Example 5.1. Consider the substitution $[\theta ]_U = [\{x/s(y,u,y), z/s(u,u), v/u \}]_{w,x,y,z}$ in Example 3.2. Its abstraction in $\mathtt{ShLin}$ is given by

\begin{align*} \alpha _{\mathit {sl}}(\alpha _{\mathrm {2}}(\alpha _{\mathrm {\omega }}([\theta ]_U))) = [ \{ xy, xz, w\}, \{ y, w \}, U ] \enspace . \end{align*}

Analogously, substitutions $[\theta _1]_{U_1} = [\{ x/r(w_1,w_2,w_2,w_3,w_3), y/a, z/r(w_1) \}]_{x,y,z}$ and $[\theta _2]_{U_2} = [\{ x/r(w_4, w_5, w_6, w_8, w_8), u/r(w_4,w_7), v/r(w_7,w_8)\}]_{u,v,x}$ from Example 3.3 are abstracted into $[S_1,L_1,U_1]=[\{x, xz\},\{y, z\}, U_1]$ and $[S_2, L_2, U_2] = [\{ uv, ux, vx, x\}, \{u,v\}, U_2]$ , respectively.

5.2 Matching operator

We want to provide an optimal abstract matching operator for $\mathtt{ShLin}$ . We may effectively compute $\mathsf{match}_{\mathit{sl}}$ by composing $\gamma _{\mathit{sl}}$ , $\mathsf{match}_{\mathrm{2}}$ , and $\alpha _{\mathit{sl}}$ . However, we provide a more direct characterization of $\mathsf{match}_{\mathit{sl}}$ , which may potentially improve performance.

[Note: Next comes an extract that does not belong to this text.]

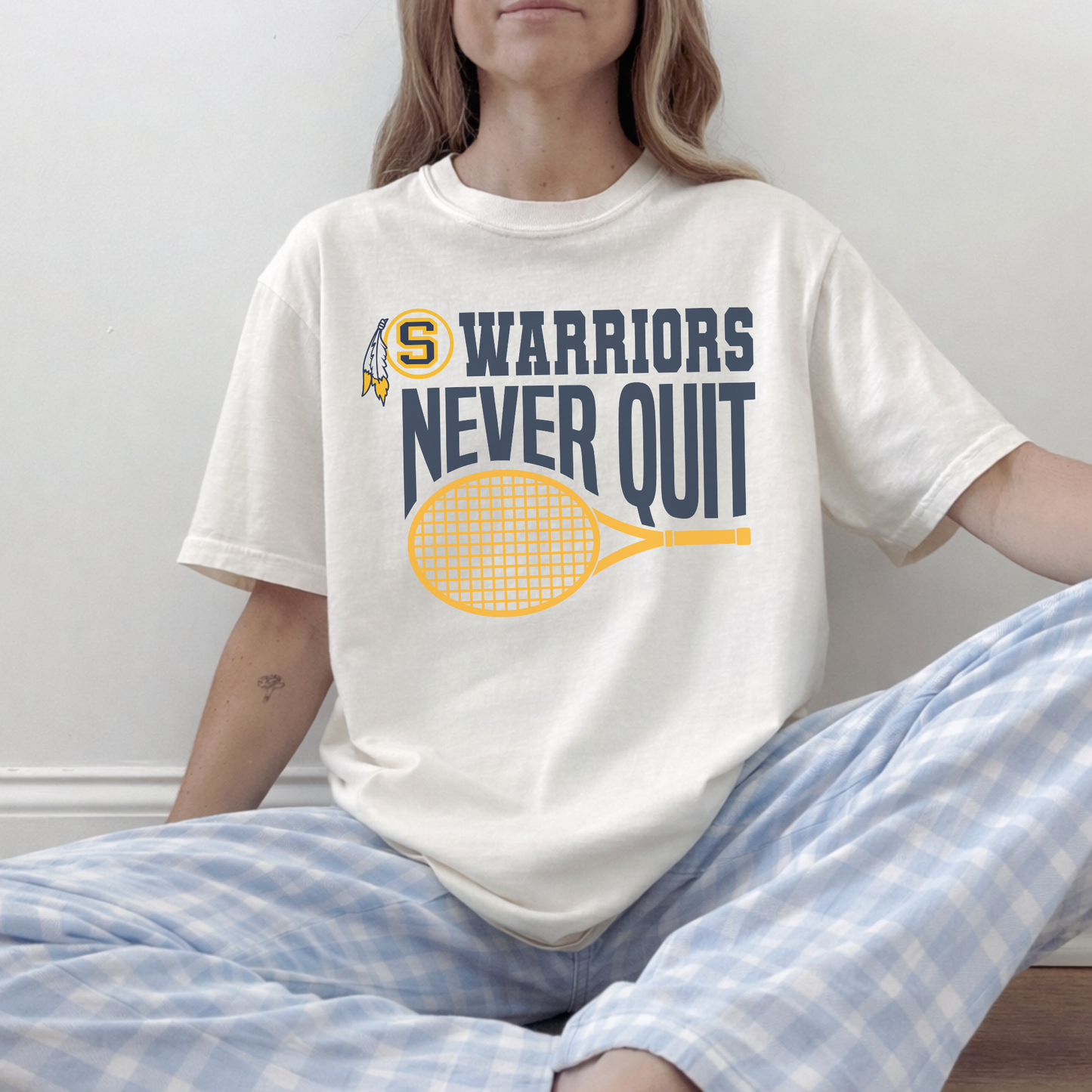Woman wearing an ivory Warriors Never Quit Sterling Warriors tennis t-shirt styled casually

First, we define the auxiliary function $nl: \mathscr{P}(\mathscr{P}({\mathcal{V}})) \rightarrow \mathscr{P}({\mathcal{V}})$ which takes a set $X$ of sharing groups and returns the set of variables that appear in $X$ more than once. In formulas:

(14) \begin{align} nl(X)= \{ v \in{\mathcal{V}} \mid \exists B_1, B_2 \in X, B_1 \neq B_2, v \in B_1 \cap B_2 \} \end{align}

The name $nl$ stands for nonlinear since it is used to recover those variables that, after joining sharing groups in $X$ , are definitively not linear.

Definition 5.2 (Matching over $\mathtt{ShLin}$ ). Given $[S_1,L_1,U_1]$ and $[S_2,L_2,U_2] \in \mathtt{ShLin}$ , we define

\begin{align*} \mathsf {match}_{\mathit {sl}}([S_1,L_1, U_1],[S_2,L_2,U_2])= \left [s(S^{\prime}_0 \cup S^{\prime\prime}_0), l(S^{\prime}_0 \cup S^{\prime\prime}_0), U \right ], \end{align*}

where $U=U_1 \cup U_2$ , $S^{\prime}_2=\{ B \in S_2 \mid B \cap U_1 = \emptyset \}$ , $S^{\prime\prime}_2=S_2 \setminus S^{\prime}_2$ , $\mkern 1.5mu\overline{\mkern -1.5muS\mkern -1.5mu}\mkern 1.5mu = \{B \in S^{\prime\prime}_2 \mid B \cap L_1 = \emptyset \}$ and

\begin{align*} S^{\prime}_0 & = \bigl \{ \langle B, L_2 \rangle \mid B \in S^{\prime}_2 \bigr \}, \\ S^{\prime\prime}_0 & = \Big \{ \left \langle B \cup \bigcup X, L_2 \setminus nl(X) \setminus \bigcup (X \cap \mkern 1.5mu\overline{\mkern -1.5muS\mkern -1.5mu}\mkern 1.5mu) \right \rangle \Bigm | B \in S_1, \\ & \qquad X \subseteq S^{\prime\prime}_2, B \cap U_2 = \left (\bigcup X\right ) \cap U_1, L_1 \cap nl(X)=\emptyset \Big \}, \end{align*}

\begin{align*} s(H) & = \left \{ B \mid \langle B, L \rangle \in H \right \}, \\ l(H) & = \bigcap \left \{ L_1 \cup L \cup (U \setminus B) \mid \langle B,L \rangle \in H \right \}. \end{align*}

This operator is more complex than previous ones because linearity information is not connected to sharing groups and needs to be handled separately. In view of this and a similar situation that happens for unification (Amato and Scozzari, Reference Amato and Scozzari2010), it seems that the idea of embedding linearity within sharing groups from King (Reference King1994) was particularly insightful.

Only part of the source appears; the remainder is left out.